Short text fragments from websites:
-=-=-
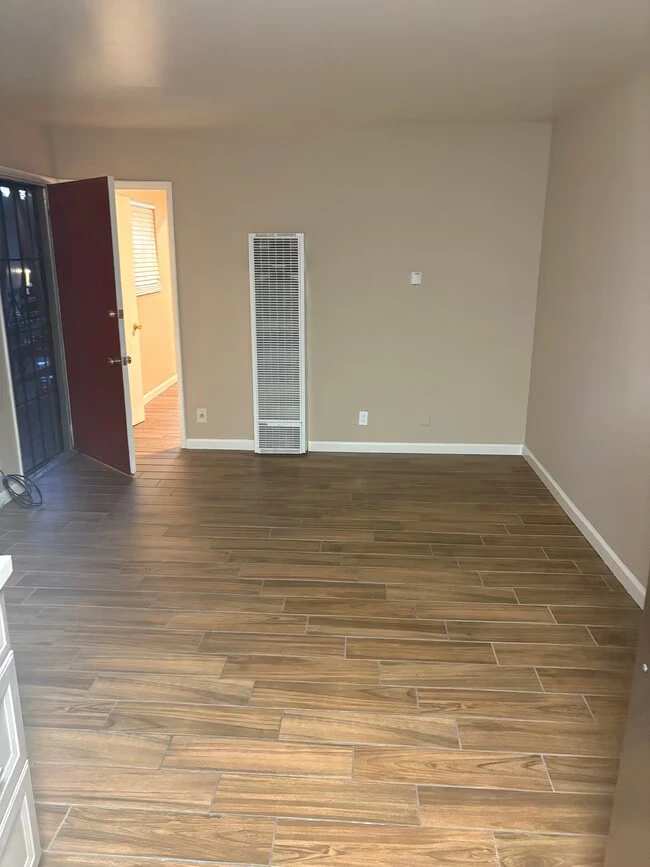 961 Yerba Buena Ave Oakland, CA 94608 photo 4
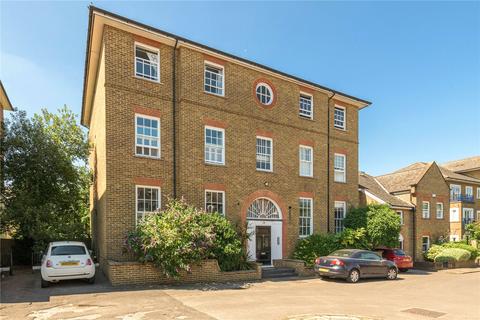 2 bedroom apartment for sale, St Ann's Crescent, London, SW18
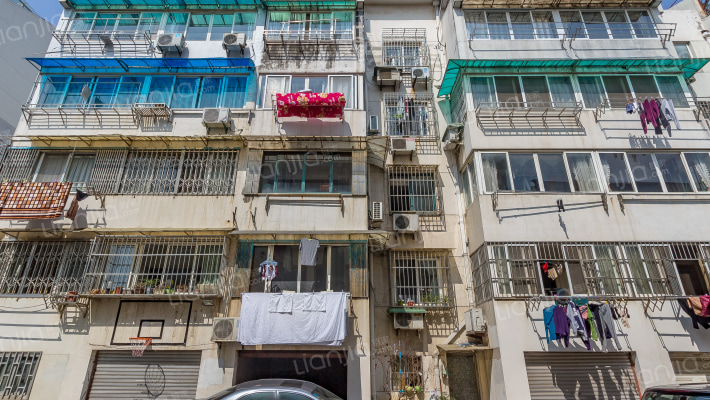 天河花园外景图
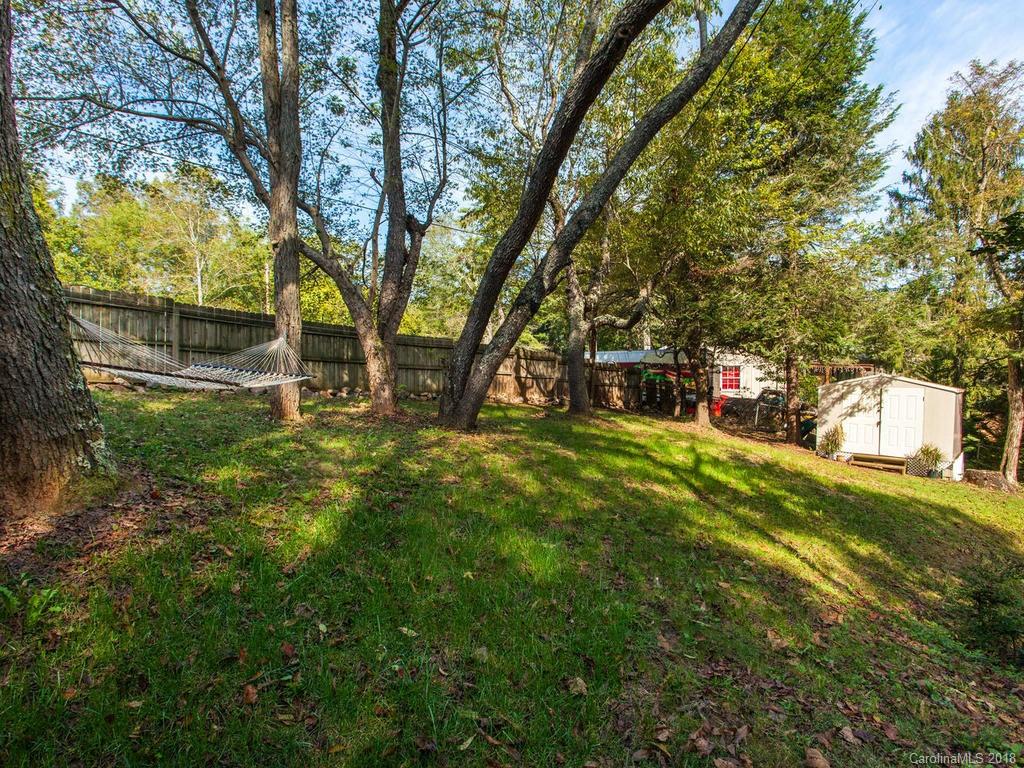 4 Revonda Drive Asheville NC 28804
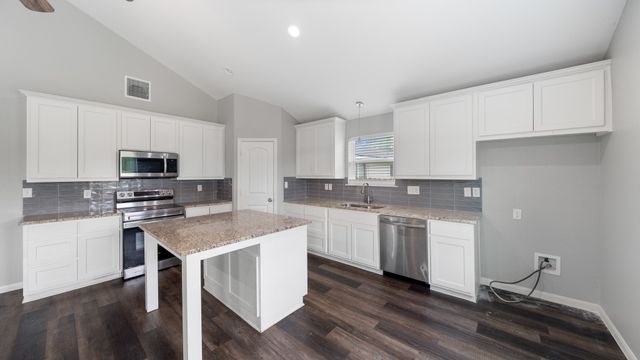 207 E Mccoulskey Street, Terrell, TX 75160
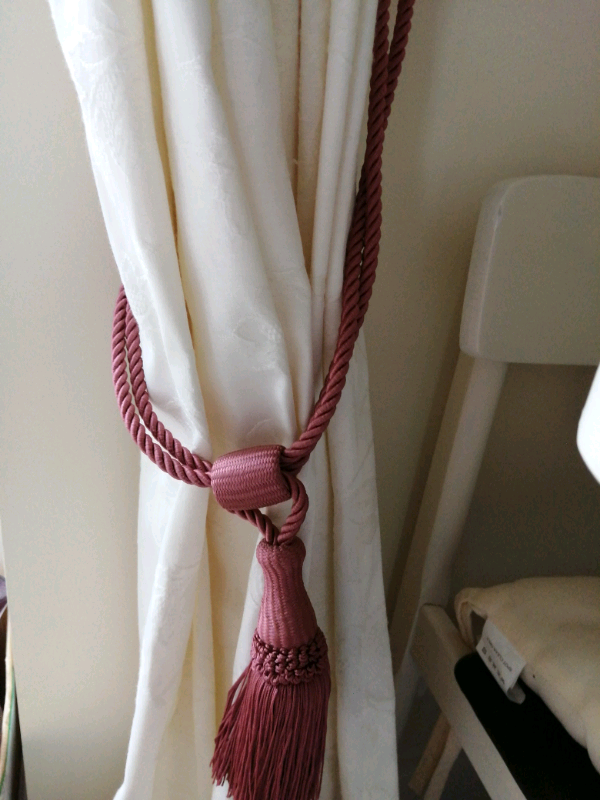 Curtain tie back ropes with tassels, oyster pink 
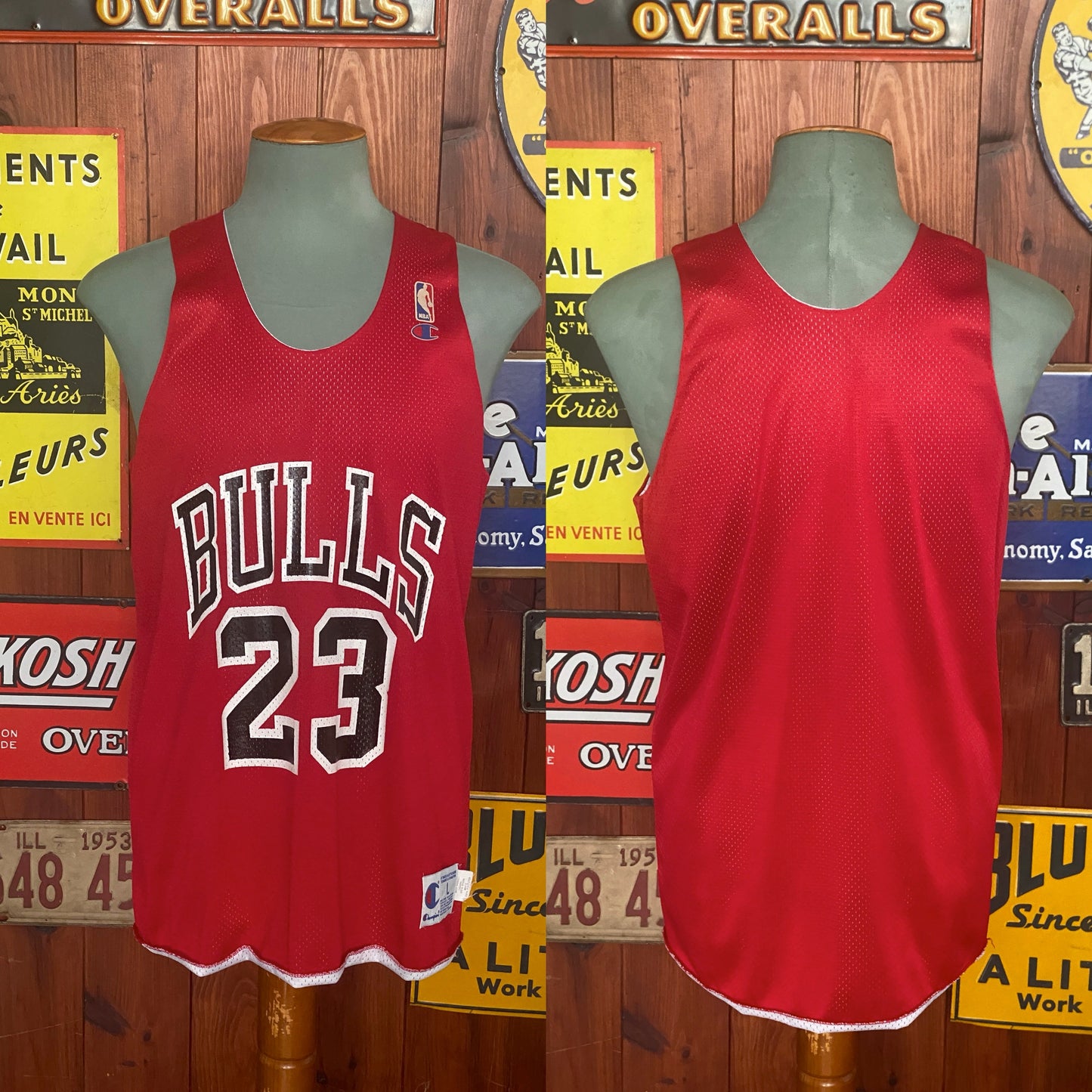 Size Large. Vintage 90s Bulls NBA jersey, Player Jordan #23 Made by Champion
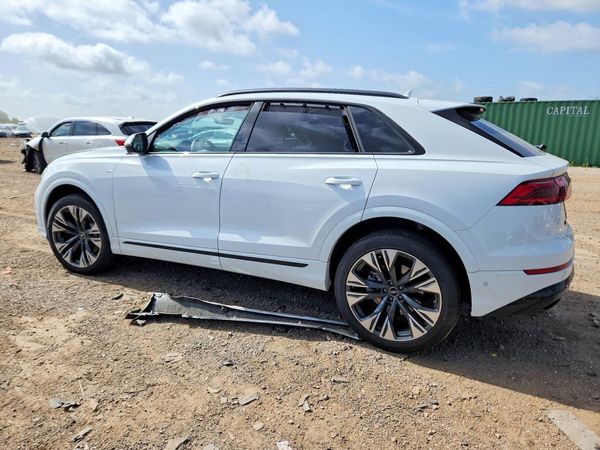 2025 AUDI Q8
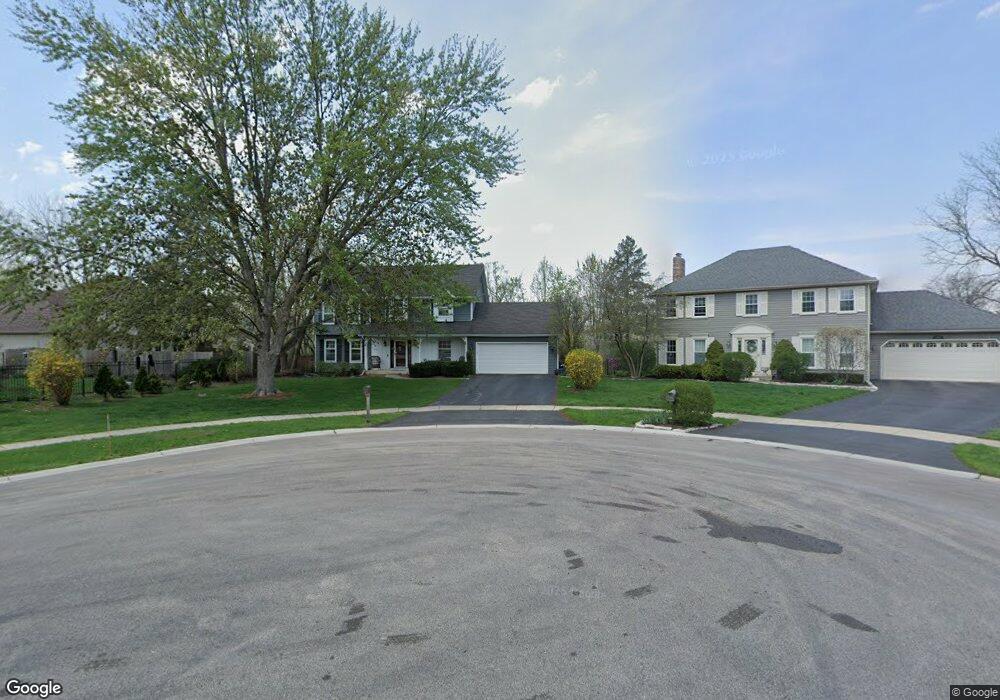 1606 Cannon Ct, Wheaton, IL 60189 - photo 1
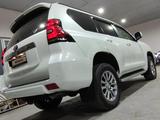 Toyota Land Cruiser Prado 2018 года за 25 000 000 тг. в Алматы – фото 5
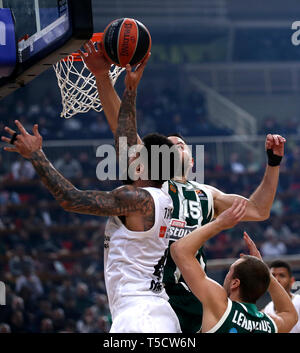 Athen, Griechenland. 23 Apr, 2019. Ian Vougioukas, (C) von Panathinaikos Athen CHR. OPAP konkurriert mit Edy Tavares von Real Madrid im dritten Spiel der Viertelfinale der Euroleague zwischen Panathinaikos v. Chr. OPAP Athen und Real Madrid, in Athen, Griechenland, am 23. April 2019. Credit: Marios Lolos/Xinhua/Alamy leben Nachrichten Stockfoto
-=-=-
§ Exercise aim:
Line by line, write out the data above exactly, without the pictures.

§ Response to the exercise:
 961 Yerba Buena Ave Oakland, CA 94608 photo 4
 2 bedroom apartment for sale, St Ann's Crescent, London, SW18
 天河花园外景图
 4 Revonda Drive Asheville NC 28804
 207 E Mccoulskey Street, Terrell, TX 75160
 Curtain tie back ropes with tassels, oyster pink 
 Size Large. Vintage 90s Bulls NBA jersey, Player Jordan #23 Made by Champion
 2025 AUDI Q8
 1606 Cannon Ct, Wheaton, IL 60189 - photo 1
 Toyota Land Cruiser Prado 2018 года за 25 000 000 тг. в Алматы – фото 5
 Athen, Griechenland. 23 Apr, 2019. Ian Vougioukas, (C) von Panathinaikos Athen CHR. OPAP konkurriert mit Edy Tavares von Real Madrid im dritten Spiel der Viertelfinale der Euroleague zwischen Panathinaikos v. Chr. OPAP Athen und Real Madrid, in Athen, Griechenland, am 23. April 2019. Credit: Marios Lolos/Xinhua/Alamy leben Nachrichten Stockfoto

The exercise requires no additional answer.